Solved it in a few seconds. Just substitute x=-f(y)/2 and you get that f(y)=4y+c for a constant c. Plugging this in gives that only c=0 works.

Nice job!

There is another way. I let y=0 and differentiated it once on both sides. 2f’(2x+f(0)=8. f’(2x+f(0))=4. We can let some variable t=2x+f(0), so f’(t)=4. f(t)=4t+c. We can immediately see that c=0 since there is no constant term on the right hand side.
I think it’s obvious that f is differentiable. We know that f’(t)=4, no possibility for being undefined! I’m not sure exactly how to prove this more rigourisly however.

You are great, @SyberMath! You create compelling content for us each day!! You remind me of my high school math teacher, Daniel Dawson, who inspired so many of us in the late 1970s to learn mathematical thinking. Quick thought: if you replace f(2x + f(y)) on LHS with f(2x + 2f(y)), or more exotic with powers and logs, such as f(2x + f^2(y)) so that your substitution method does *not* cancel f(y) on LHS to isolate f(y) by itself, this gets tricky... will give it a try and see where this goes. Love your work, buddy! Thank you immensely for helping educate (or re-educate) all of us!!
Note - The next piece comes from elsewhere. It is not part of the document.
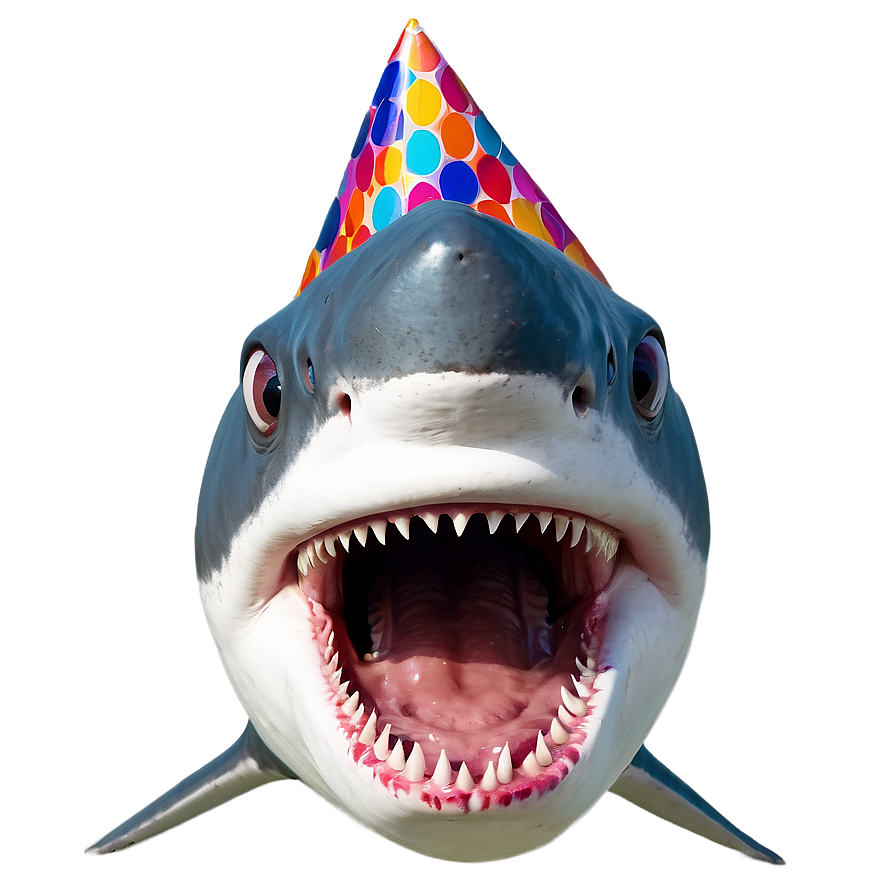 Birthday Shark B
It looks as if f(x) is linear, so suppose f(x) = ax + b. There is twice an f in the first equation, so twice fill in f(x) = ax + b, you get 2ax+af(y)+b = 2ax + a²y + ab + b = 8x + 16y. This gives 2a=8 or a=4 and b=0. So f(x) = 4x (a²y=16y also fits).

Solved it also in seconds: substitute x = x/2 - f(y)/2, then you will get f(x) + 4f(y) = 4x +16y which is solved by f(x) = 4x 😊

f(y) = -x so y = inverse of (-x) and f(x) = ax + b

F(x) = 4x

f(x)=4x

Put x=0, y=0, get f(f(0))=0
Put x=0, y=f(0), get f(0)=0
Put x=2a, y=0, get f(a)=4a answer. 😉😉😉😉😉😉